Notice: With the Laurelin server shutting down, our website will soon reflect the Meriadoc name. You can still use the usual URL, or visit us at https://meriadocarchives.org/

Last Days in i Drann {47 Firith 3018}




Chronicled in Stock of i Drann in Eriador,
On this the 47th day of Firith in the Year 3018 of the Third Age.


Mistress Goodbody gifted me with a handsome copy of a map of the Shire from the Mathom-house.
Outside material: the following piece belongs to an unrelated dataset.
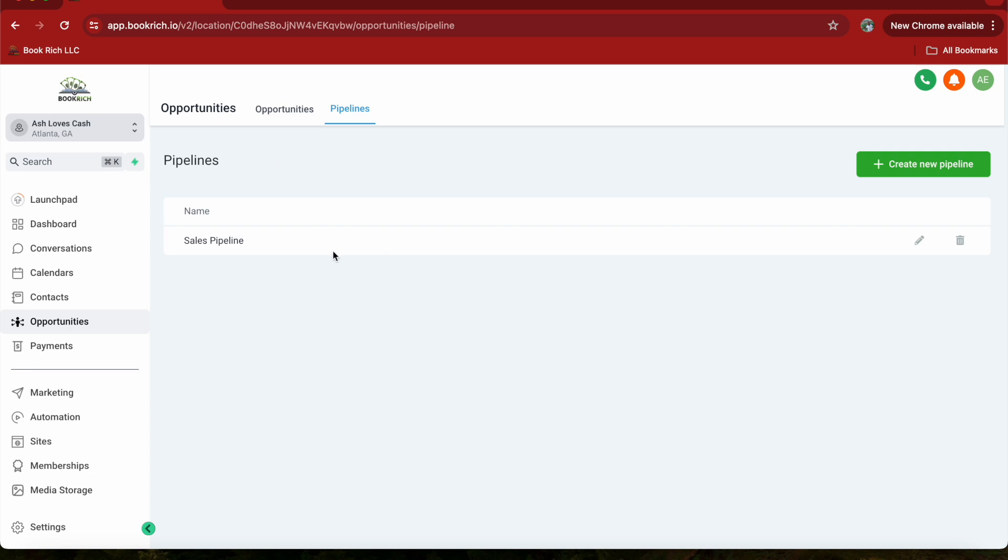And as you can see here, your pipeline will show up. Great. Now that we've set up our pipeline, let's add some opportunities to it.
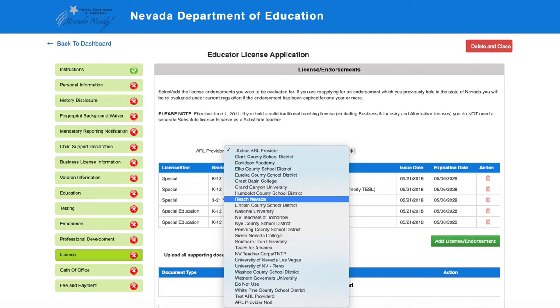Once you have completed the application, you will click Save and Next located at the bottom of the screen.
A full arad did I spend in the library of the Great Smials perusing the aged Year-book of Tuckborough, which is called also the 'Great Writ of Tuckborough', and it was time well-spent indeed. For not only does it record legal details and divers important events in the Shire, but also an archaic form of the Hobbitish tongue, from which the Hobbit names for the the days of the week have been preserved unto the present day:

Modern name: Archaic form: Dedicated to:
Sterday Sterrendei The Stars
Sunday Sunnendei The Sun
Monday Monendei The Moon
Trewsday Trewesdei Nimloth (the White Tree of Númenor)
Hevensday (or Hensday) Hevenesdei The Heavens
Mersday Meresdei The Sea
Highday Hihdei The Valar

And so yesterday morning I departed the Tookland in a light wintery rain and moved on along the East Road into the Eastfarthing. Now the Shire is quartered into 'farthings': Northfarthing, Southfarthing, Eastfarthing and Westfarthing; and there is a point where the borders of the Eastfarthing, Westfarthing and Southfarthing come together, which is marked by the 'Three-Farthing Stone' by the side of the East Road. The Northfarthing meets not with the other farthings at this landmark, but instead its borders abut upon those of the Westfarthing and Eastfarthing about ten miles north of the Stone. Quoth a local Hobbit from nearby Bywater, "If you stand on a bench and squint, you can almost see the Northfarthing from here, too!"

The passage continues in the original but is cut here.